Choosing an SD-WAN Architecture for Real-Time Communications
While there are many considerations when choosing an SD-WAN, real-time traffic presents its own set of challenges. Besides the general sensitivity to loss and latency, the widespread adoption of Unified Communications as a Service (UCaaS) makes well-performing cloud connections as important (if not more important) than site-to-site connections. Let’s take a look at the considerations you need to think about when selecting an SD-WAN architecture for voice, video, and other forms of real-time traffic.
SD-WAN Architectural Options
To talk about real-time and SD-WAN you first need to define the differences between SD-WANs. By my count, there are roughly 40 solutions on the market today, but from an architectural viewpoint, these SD-WAN solutions can be grouped into three major approaches:
- Premises-based solutions where most of the SD-WAN functionality runs in an edge appliance. These solutions rely on the Internet, MPLS, or some other third-party network for connecting locations.
- Cloud-based solutions where most of the SD-WAN functionality runs in the cloud. These solutions can use MPLS in hybrid configurations, but they also bring a private interconnect — their own network of Points of Presence (POPs) that manages the traffic flow across the middle-mile.
- Carrier-managed SD-WAN where regional carriers or MPLS providers with regional networks integrate third-party premise-based SD-WAN solutions with their traditional offerings, such as MPLS. In this case, MPLS is used for major sites, while the premise-based SD-WAN solution may be used for smaller branches and out-of-coverage locations. The carrier effectively acts as the integrator, pulling the pieces together, and then managing them.
Real-Time Considerations for SD-WANs
Now let’s turn our attention to real-time.
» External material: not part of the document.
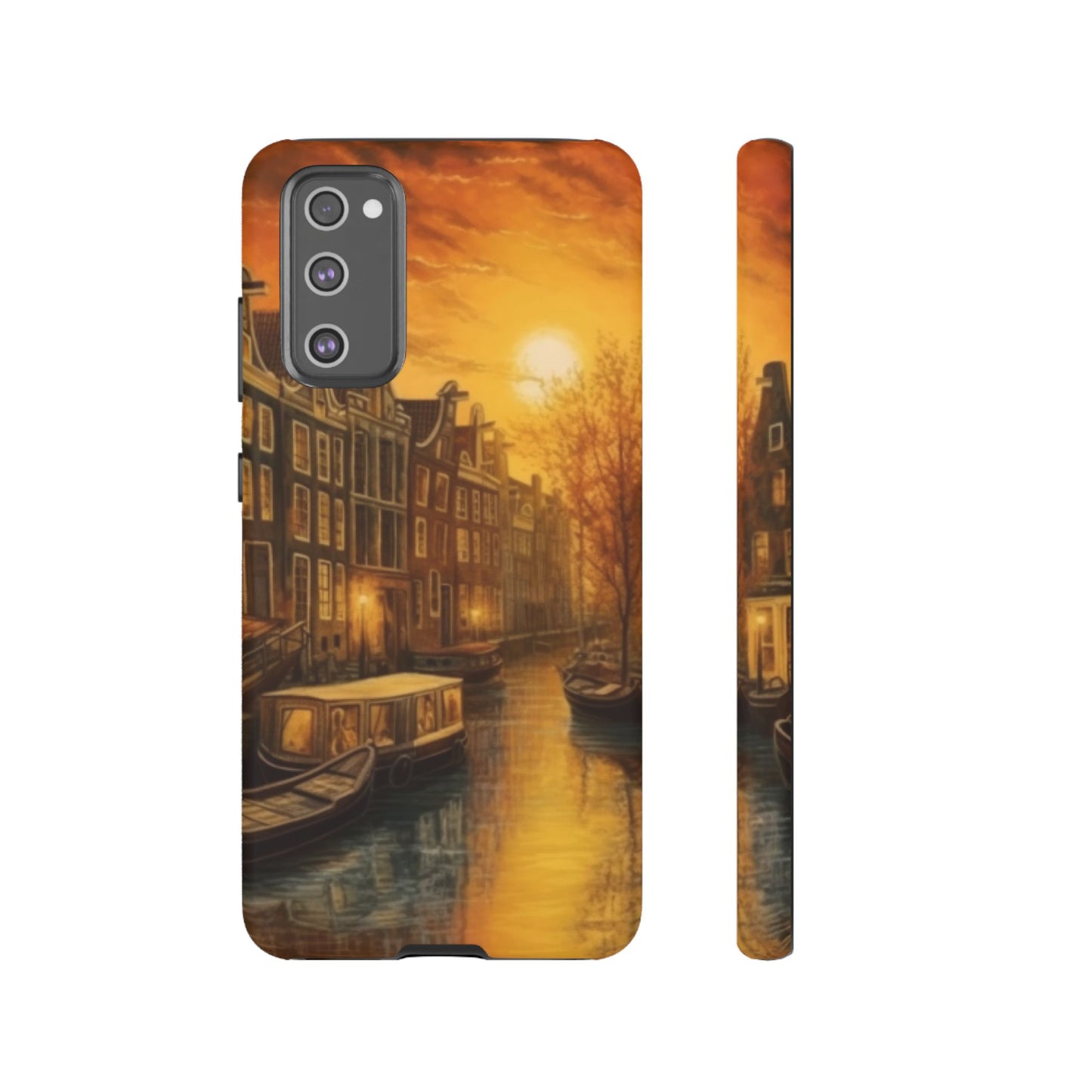 Cozy Canal Houses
There are four major impact topics to consider when assessing the SD-WAN architecture for real-time traffic:
- Media Quality – The quality of the real-time traffic flows/sessions carried by the SD-WAN can be impacted by overall latency, average and maximum jitter, and percentage of lost packets introduce by the SD-WAAN. The way the SD-WAN architecture manages failover from one IP path to another also impacts overall media quality.
- Troubleshooting and Tools – Invariably, real-time traffic flows/sessions will have problems. Voice will be garbled; calls will drop; video will be distorted. In the past, the network’s been a black box and there’s been relatively little that could be done to understand how the internal operation of the service impacted real-time traffic. With SD-WAN, tools become available that provide deep visibility into the network operation making for smoother troubleshooting. In addition, how quickly the NOC of a cloud-based or carrier-managed service provider resolves problems is critical.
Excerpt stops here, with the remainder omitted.